Savetz On-Line

The Push to the Internet

First Published: Cyberspace Today
Date Published: May 22 1995
Copyright © 1995 by Kevin Savetz


It's been a busy month for the on-line services. The usual battles over price and Internet access took a turn from the usual press-release spamming and letter-from-the-president bickering to a more literal shootout at April's Internet World conference in San Jose. During a three-hour "on-line service shootout," Internet World editor Andrew Kantor took scathing shots at each of the big three on-line services, comparing the features and pitfalls of each.

The winner turned out to be Prodigy, which finished with a score of 58.8 points - far above CompuServe's 26.0 and America on-line's feeble 10.2 points. This came as a complete surprise to me - as a Mac user, I can attest that Prodigy's service for the Mac stinks. Apparently it's much, much better for Windows. Part of Prodigy's big win was that it was the only service with a working web browser, which it used to do most everything - file transfers, gopher searches, web surfing. When the only tool you have is hammer, every problem looks like a nail. (A spreadsheet showing how each service fared in the shootout is on the web at http://www.astranet.com/.)
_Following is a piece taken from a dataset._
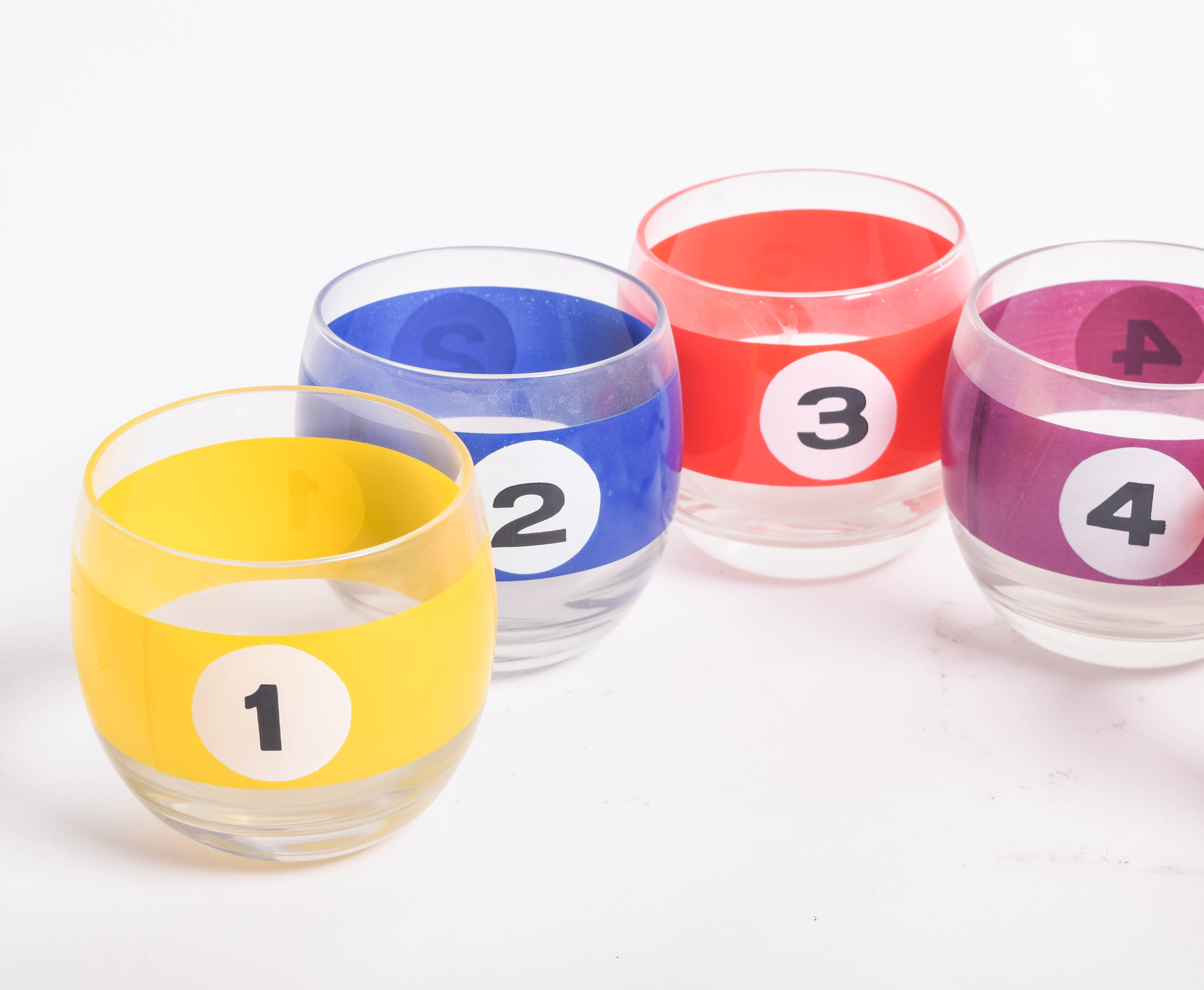 Set of Vintage Cora Billiard Ball Tumblers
New features now...and later

While we're on the subject, Prodigy says it's next generation interface, dubbed P2, will be available this summer for Windows and this fall for the Mac. (Feh!) P2 will ditch the nasty graphics and ugly text of Prodigy's current interface, replacing it with Hypertext Markup Language. Will Prodigy look like one big web site? Who knows?
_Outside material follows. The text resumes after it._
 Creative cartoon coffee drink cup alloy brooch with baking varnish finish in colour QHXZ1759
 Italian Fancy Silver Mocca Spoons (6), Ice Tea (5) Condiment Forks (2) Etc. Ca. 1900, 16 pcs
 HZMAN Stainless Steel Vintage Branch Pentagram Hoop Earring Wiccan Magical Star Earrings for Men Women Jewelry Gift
The folks at CompuServe haven't been sitting on their collective duffs, either. They added telnet capability, and their Web browser should be available (for Windows users only, sigh...) by the time you read this. Actually, it's not an integrated Web browser - CompuServe did its users proud by offering full-on PPP access that you can use with any Internet client software at all. Hopefully this event will quiet Prodigy's maddening strutting about being the only service with WWW access.

AOL's browser? Delayed, again, until "April or May." I'm not supposed to tell you this, but I've seen the next version of eWorld's software. Not bad: Usenet newsgroups, FTP and (my favorite) you can connect via TCP/IP: no need to dial in through Sprintnet if you have SLIP or PPP Internet access.

Prices, prices

Presumably to satiate its new World-Wide-Web addicts, Prodigy has added a new pricing plan: The "30/30" plan provides 30 hours of access to all basic member services, including the Web, for $29.95 a month. (Not bad for heavy users.) Additional hours are $2.95 each (Aw, come on!). This plan replaces a previous one offering 25 hours for $29.95. For people with lives, the standard plan of $9.95 for 5 hours is still available.

In retaliation, CompuServe debuted its "Internet Club" plan which offers 20 hours of Internet access for $24.95 a month. Additional hours are priced at $1.95.

All of the big services are claiming they'll offer ISDN access "soon" but it's still too far away to see any definite dates. ISDN, which will provide access at about 10 times the speed of a 14.4 modem - after you invest in $1,000 for new hardware - is certainly coming, but don't hold your breath just yet.

How big is big?

Annoyed with AOL, CompuServe and Prodigy each claiming to be the "biggest" on-line service, the "number one" service, the one with the most members? Here are the straight facts: according to the March 1995 Information and Interactive Services Report, there are more than seven million subscribers to on-line services. CompuServe has 2.7 million users, America Online has about 2 million, Prodigy 1.3 million, Delphi 140,000 and GEnie's got 75,000.

GEnie - there's a name you don't hear much, eh? Our friends at General Electric are working to change that. It seems the littlest of the big guys is tired of being the underdog, and is taking steps to revamp their little service. GEnie says that within a month it will feature an easier-to-use interface, simpler pricing, and Internet access - including a text-based web browser. (If I had a dollar every time a service promised Web access a month from now...) Internet services coming "real soon now" are FTP, Usenet, telnet, gopher and WAIS. Later this year they'll add a graphical Web browser.

This all sounds very pleasant for GEnie, but even if their upgrade comes on time and offers mind-blowing price and speed, will this all be too little too late? GEnie's been nowheresville for so long that I'm not sure it will know how to compete with the big three. We shall see.